“… I am sooooo busy and soooooo far behind. I do NOT like that feeling!” @LoveStats (Annie Pettit – prominent blogger/tweeter on MR methods/issues)
“Commencing what feels like first real vacation in 2 years. Excited to do tremendous amounts of nothing…” @steveaugust (Steve August, Founder of online Quali software platform)
“think you ever get used to heading for the airport on a sunday night? hate it!!!!” @ericsalama (Eric Salama – CEO Kantar)
An increasing number of MR professionals Twitter. And a surprising number of them share tweets like the above, which have landed in my Tweet Deck in recent times. (I picked these to illlustrate the range – there are plenty others!). Many of us share their frustration.
I had a personal epiphany a few years back when, after my third trip to Beijing in a year, I realised I still hadn’t seen the Great Wall, and indeed had not seen much beyond the usual airport, taxi, meeting room and restaurant for dinner. I had a vision of my grandchildren gathered around me in my retirement, asking me about my travels and all I’d be able to say was that “it’s hard to get a taxi in New York when you need it”.
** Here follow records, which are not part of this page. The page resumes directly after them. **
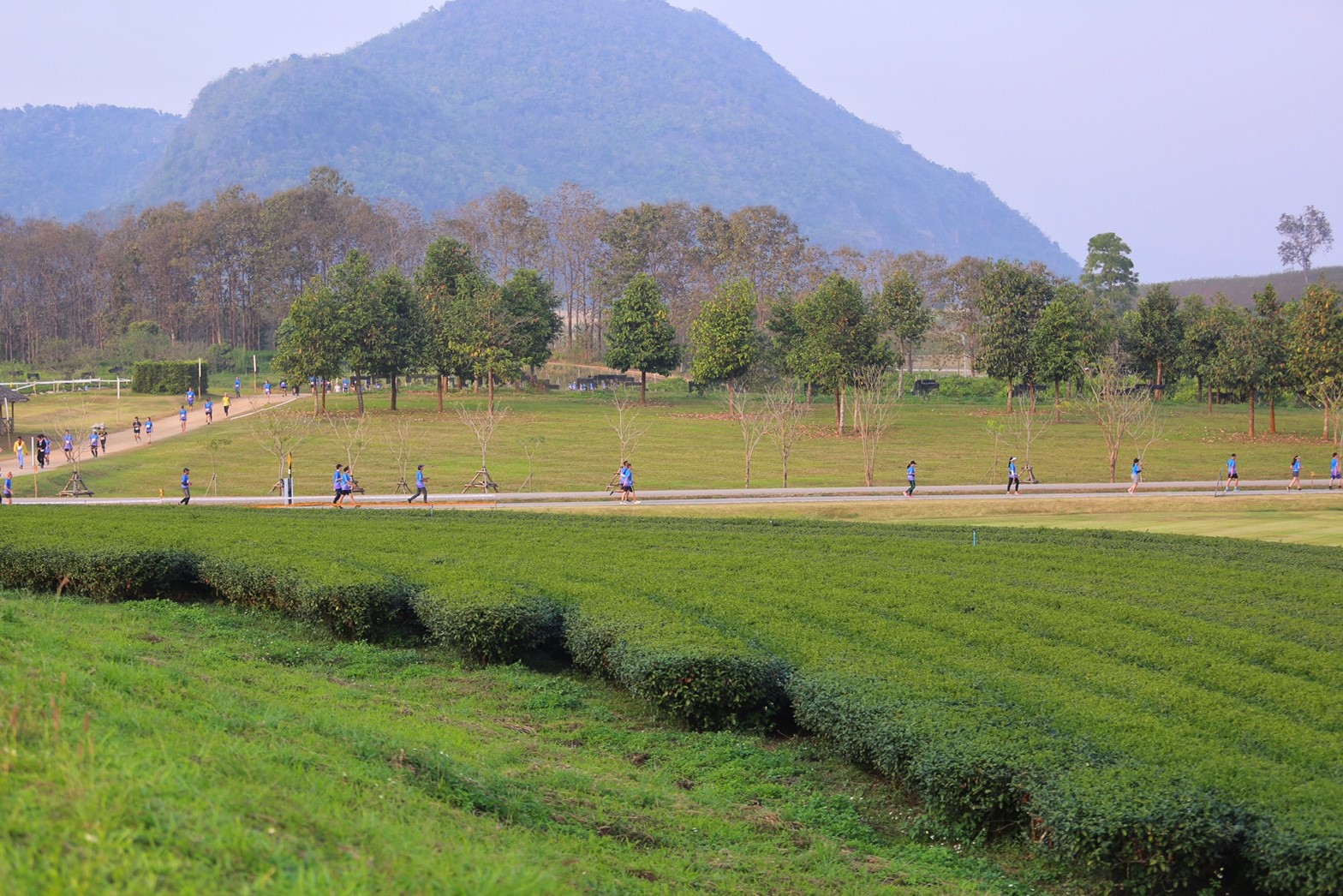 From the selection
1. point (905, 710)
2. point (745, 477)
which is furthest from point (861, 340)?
point (905, 710)

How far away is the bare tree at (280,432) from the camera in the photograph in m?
41.9

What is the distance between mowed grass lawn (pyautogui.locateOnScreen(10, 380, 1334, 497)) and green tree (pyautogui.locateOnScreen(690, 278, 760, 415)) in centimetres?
299

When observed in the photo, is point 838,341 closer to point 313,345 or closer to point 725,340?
point 725,340

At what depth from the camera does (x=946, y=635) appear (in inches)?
Result: 526

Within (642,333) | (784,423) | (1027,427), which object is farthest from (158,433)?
(1027,427)

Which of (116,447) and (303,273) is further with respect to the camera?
(303,273)

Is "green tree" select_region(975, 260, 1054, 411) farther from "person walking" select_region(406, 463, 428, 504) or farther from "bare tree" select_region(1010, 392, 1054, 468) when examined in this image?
"person walking" select_region(406, 463, 428, 504)

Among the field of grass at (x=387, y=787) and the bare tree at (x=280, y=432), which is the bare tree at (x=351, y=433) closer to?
the bare tree at (x=280, y=432)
By its nature, MR makes it easy to stay busy with travel, emails, phone calls and meetings or to get dragged down in coping with the latest “crises” that inevitably erupt at regular intervals. Yet, despite these things taking up much of our working life, in reality we probably severely over-rate the necessity of dealing (at least urgently) with this mass of “stuff”. In most of my career, the best actions and decisions I’ve made – whether in researcher, line manager or global product roles – have been associated with having been able to take a bit of time out and work through the issues. In contrast to dealing with “stuff, it seems we completely under-rate the value of prioritising time to think widely and creatively.
Doesn’t that seem odd in an industry where we talk so much about the value of “creative insight” and the need for researchers to become more like consultants? Why is it we give ourselves so little time to stretch our brains? Many of us still seem to value quantity of work over quality and put in huge hours without really challenging the value of what we are doing.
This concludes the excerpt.